Matheu D. Nunn And Gary R. Botwinick Publish “Pumping the Brakes on the Legislation to Cure the ‘Carr’ Black Hole” In New Jersey Law JournalJune 6, 2023
In “Pumping the Brakes on the Legislation to Cure the ‘Carr’ Black Hole,” authors Matheu Nunn, Gary Botwinick, and Alyssa Engleberg address pending legislation regarding the Carr Black Hole and its interplay with record levels of judicial vacancies in New Jersey. In some vicinages, divorce cases may last four, five or even six years. As family law practitioners, the authors understand the genuine value of resolving cases outside of the court system—especially in the wake of this judicial vacancy crisis. Alternative dispute resolution can protect clients’ rights if they choose to remove the case (or keep the case from) the court system.

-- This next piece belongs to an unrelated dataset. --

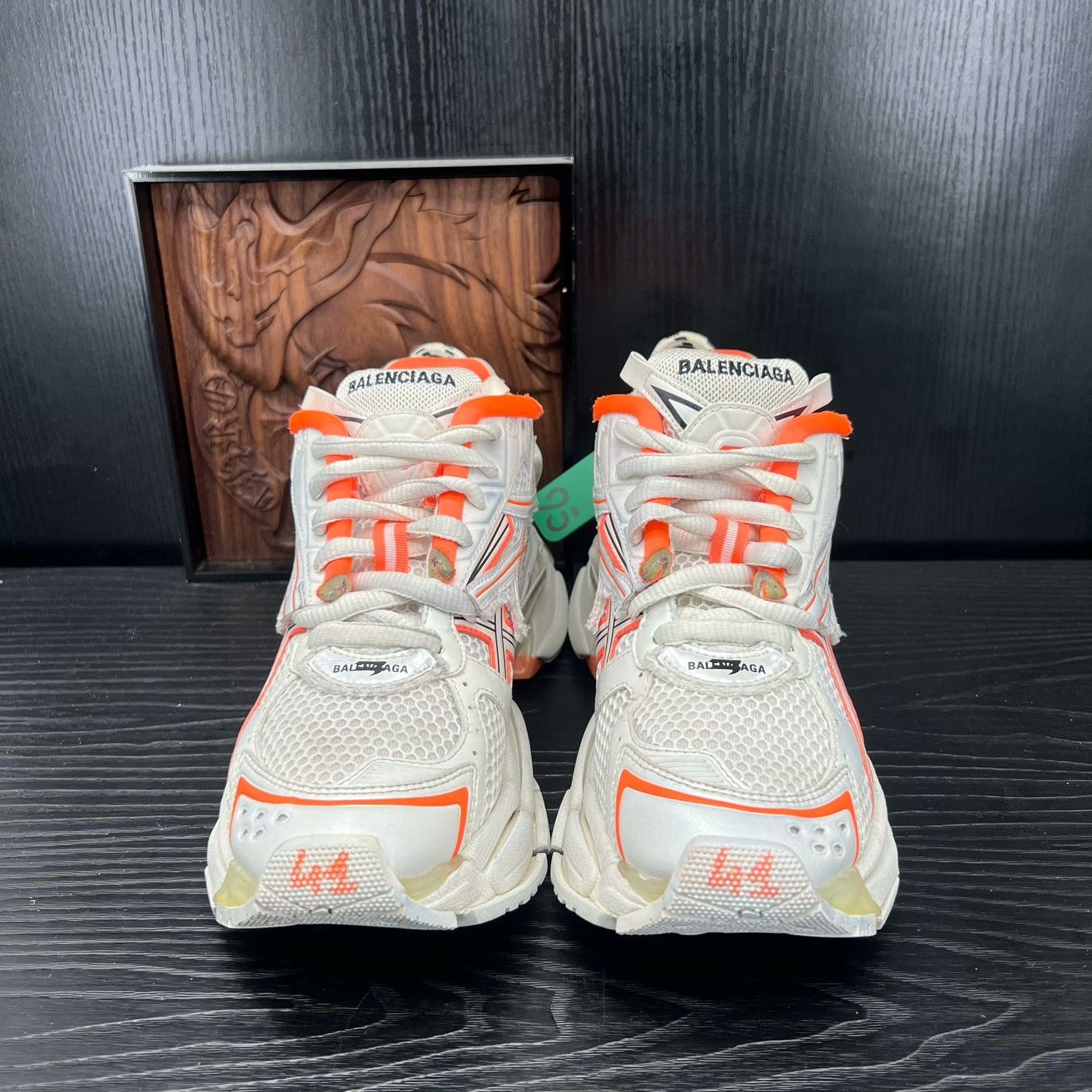 Balenciaga Balenciaga Running White Lowtop Sneakers 41 Men Size US 8.5 / EU 41-42 - 4 Thumbnail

However, the authors identify and explain a problem known as the “Carr black hole,” derived from Carr v. Carr, 120 N.J. 336 (1990), a case in which the divorcing husband became ill and died prior to the entry of a final judgment of divorce. Due to the unfortunate timing of his death, the wife was neither entitled to the elective share (due to the separation of the parties) nor equitable distribution (due to the termination of the divorce action upon his death). The court characterized the wife’s dilemma as the proverbial “black hole” and in an effort to rectify this wrong, exerted its common law authority to craft equitable remedies in limited situations. The Carr court, as well as many cases that have followed over the years, openly invited the New Jersey Legislature to remedy this defect in all cases.
“Pumping the Brakes on the Legislation to Cure the ‘Carr’ Black Hole” delves into proposed legislation that would clarify that the family part would maintain jurisdiction over the equitable distribution claims following the death of one of the parties. The authors share proposed statutory language that if formally adopted and passed into law, will end the “Carr black hole.”